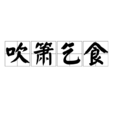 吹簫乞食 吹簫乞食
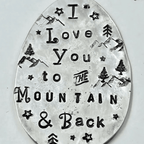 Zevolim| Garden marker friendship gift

==

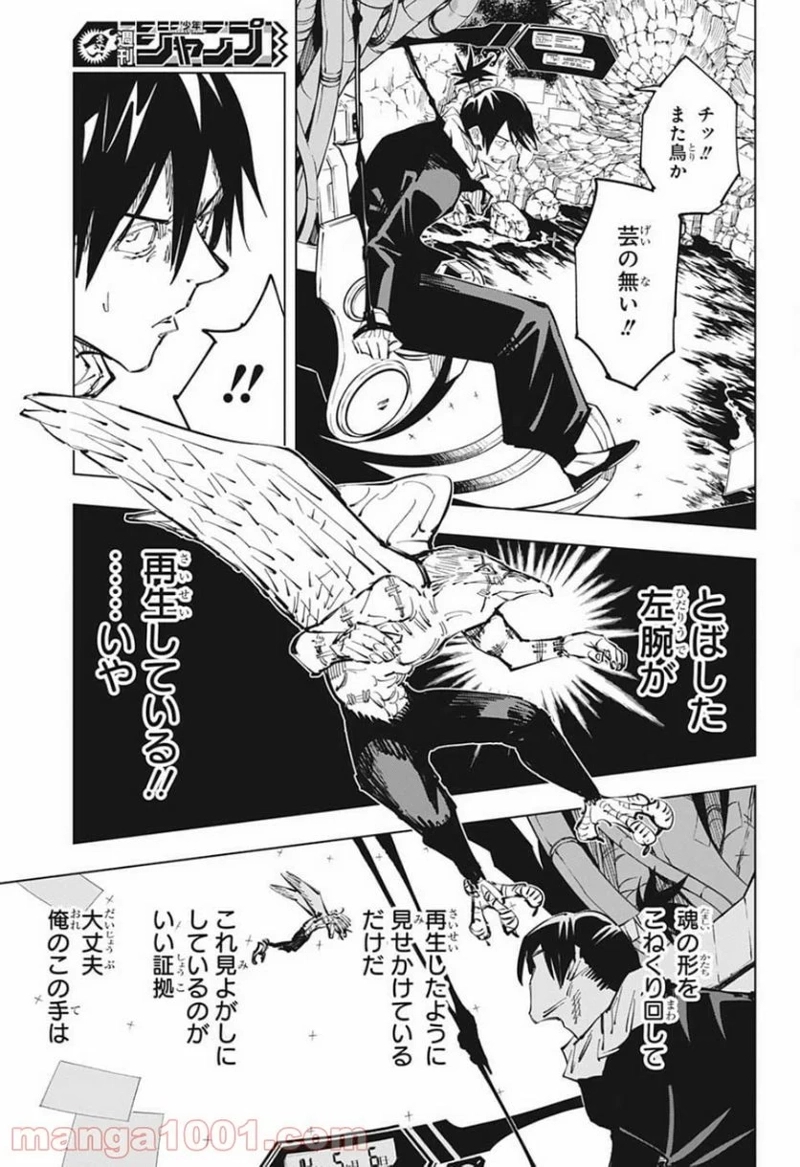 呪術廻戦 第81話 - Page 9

---

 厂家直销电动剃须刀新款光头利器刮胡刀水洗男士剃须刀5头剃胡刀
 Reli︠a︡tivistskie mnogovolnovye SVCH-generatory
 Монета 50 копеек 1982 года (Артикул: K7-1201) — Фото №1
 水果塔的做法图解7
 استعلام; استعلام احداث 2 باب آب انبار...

* [What the exercise asks] Reproducing the whole listing above is not the task. Copy exactly only the lines from the one with "厂家直销电动剃须刀新款光头利器刮胡刀水洗男士剃须刀5头剃胡刀" to the one with "استعلام; استعلام احداث 2 باب آب انبار...", both kept.

* [Response area]
 厂家直销电动剃须刀新款光头利器刮胡刀水洗男士剃须刀5头剃胡刀
 Reli︠a︡tivistskie mnogovolnovye SVCH-generatory
 Монета 50 копеек 1982 года (Артикул: K7-1201) — Фото №1
 水果塔的做法图解7
 استعلام; استعلام احداث 2 باب آب انبار...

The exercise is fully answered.